Al centro, sovente, dello scontro politico, la parola – è stato sottolineato – è giuridicamente scorretta al di là del giudizio sulla vicenda di cui si parla, in quanto spesso vi si ricorre in maniera discriminatoria: clandestino è infatti “chi si nasconde e dunque genera l’immagine di clandestinità”. I richiedenti godono invece del “diritto d’asilo” sancito dalla Costituzione e fino a prova contraria non sono dunque clandestini. Vero è che sul totale la maggior parte, circa il 90%, non ottiene alla fine tale diritto ma va considerato che, di questa percentuale, sono poi numerosi quanti ottengono comunque una forma di protezione oppure fanno ricorso e restano in attesa. Essendo tuttavia labile il confine con l’utilizzo della libera manifestazione del pensiero e non poche, di conseguenze, le cause in corso, alla fine sta al giornalista e al suo grado di deontologia decidere come comportarsi nel caso singolo.
Dalla carta stampata ai social, che sono i nuovi contenitori dell’informazione anche in tema di immigrazione, per lo più e anche di più fuori da controlli di sorta. Sulla questione è attiva, tra le altre problematiche di cui si occupa, la Commissione parlamentare contro l’intolleranza voluta dalla presidente della Camera Laura Boldrini, e composta da un deputato per ogni gruppo politico oltre a rappresentanti di associazioni umanitarie.

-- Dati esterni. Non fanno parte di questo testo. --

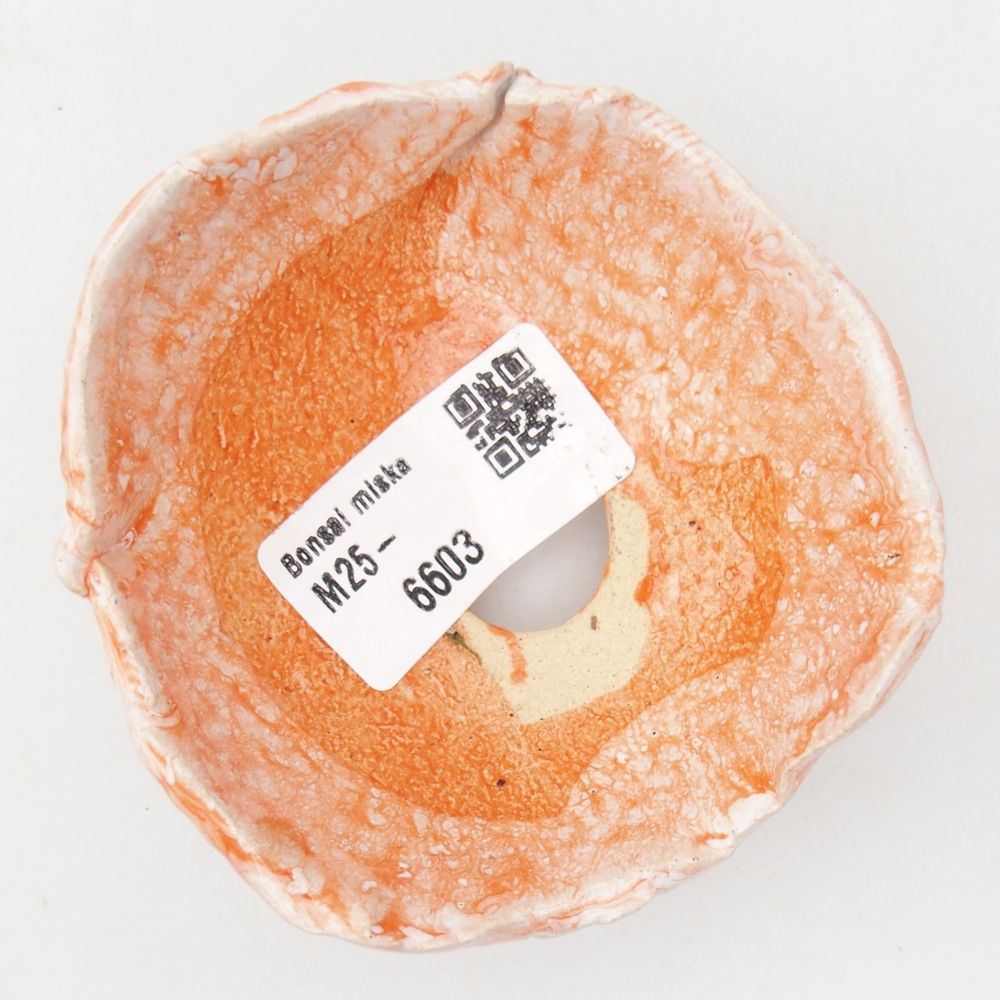 Keramische schaal 8 x 8 x 4,5 cm , kleur oranje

Il “nodo” è quello della possibilità o meno di reazione in caso di diffamazione (commento razzista), per esempio su Facebook. Quest’ultimo, bisogna dire, si è attivato creando un’equipe di controllo di un centinaio di persone che elimina, se del caso, l’articolo diffamatorio. Tuttavia, la disponibilità dei social a collaborare non va oltre un certo grado soprattutto quando entra in gioco la possibilità di perdere sovranità per ottenere un regolamento giuridico a livello internazionale. E finora tutto è rimasto bloccato.